New Electronic Water Sensor Detects Lead from Corrosion

The electronic lead sensor features two pairs of electrodes. Photo courtesy of Wen-Chi Lin, Burns Lab, University of Michigan.

A new electronic sensor could alert users to the presence of lead within days. The sensor was developed by University of Michigan (Ann Arbor, Michigan) researchers following the water crisis in Flint, Michigan, where corrosion of service pipes after a water source change caused lead to leach into the water supply.

According to Mark Burns, T.C. Chang Professor of Chemical Engineering at the university, standard sample tests require running water for several minutes—missing any lead that leaches from the home’s own pipes.

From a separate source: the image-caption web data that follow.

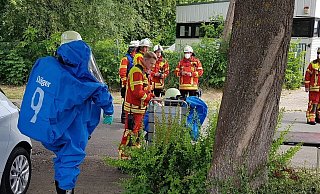 Die Einsatzkräfte machen sich aktuell unter Vollschutz ein Bild vom Ausmaß des Gasaustrittes. - Doris Christoph Die Einsatzkräfte machen sich aktuell unter Vollschutz ein Bild vom Ausmaß des Gasaustrittes. - Doris Christoph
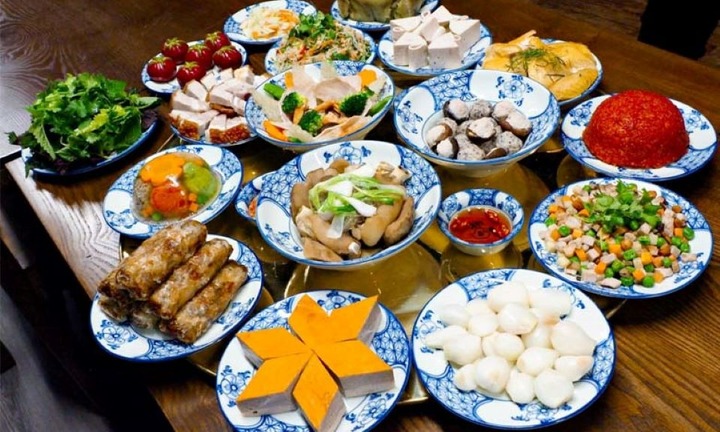 Văn khấn cúng Tất niên Tết Ất Tỵ 2025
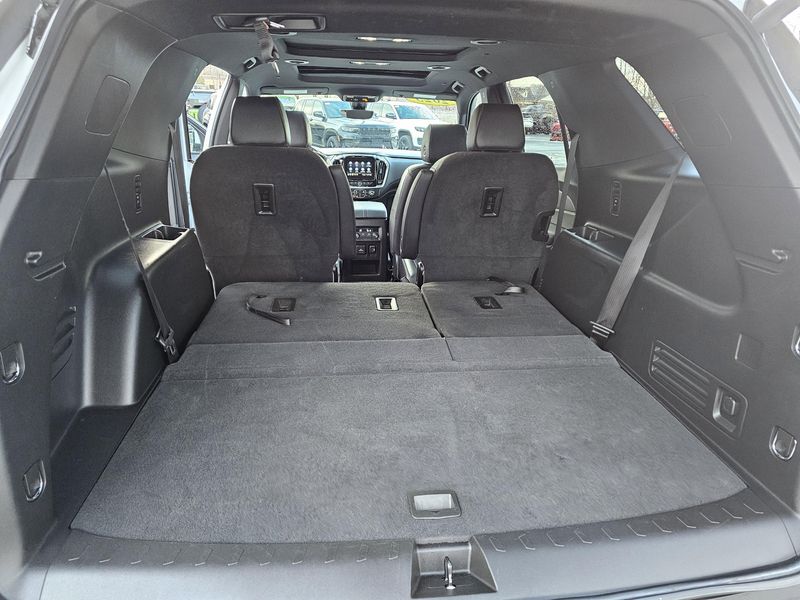 Used 2023 Chevrolet Traverse RSImage 23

Burns says the sensor, costing ~$20, could be placed at key points in a city water system and at taps in homes. The trick is separating lead from other metals that may be present, most only hazardous in very high doses.

In response, researchers designed the sensor to differentiate by relying on two pairs of positive and negative electrodes, each with a neutral neighbor. The negative electrode offers electrons to positive ions, capturing most metals. The metals are already oxidized in water, meaning they have given up some electrons. As such, they prefer to get electrons back.

However, lead is attracted to the positive side, as it is the only contaminant metal that readily loses more electrons and oxidizes further. As lead builds up on the positive electrode, it reaches the neutral electrode, closes the circuit, and generates voltage. Above a 1 V signal, the system registers a hit.

“There could be an app that would monitor all the taps, and it could just send you a message when it detected an event,” Burns says. Researchers are now seeking partners to bring the technology to market.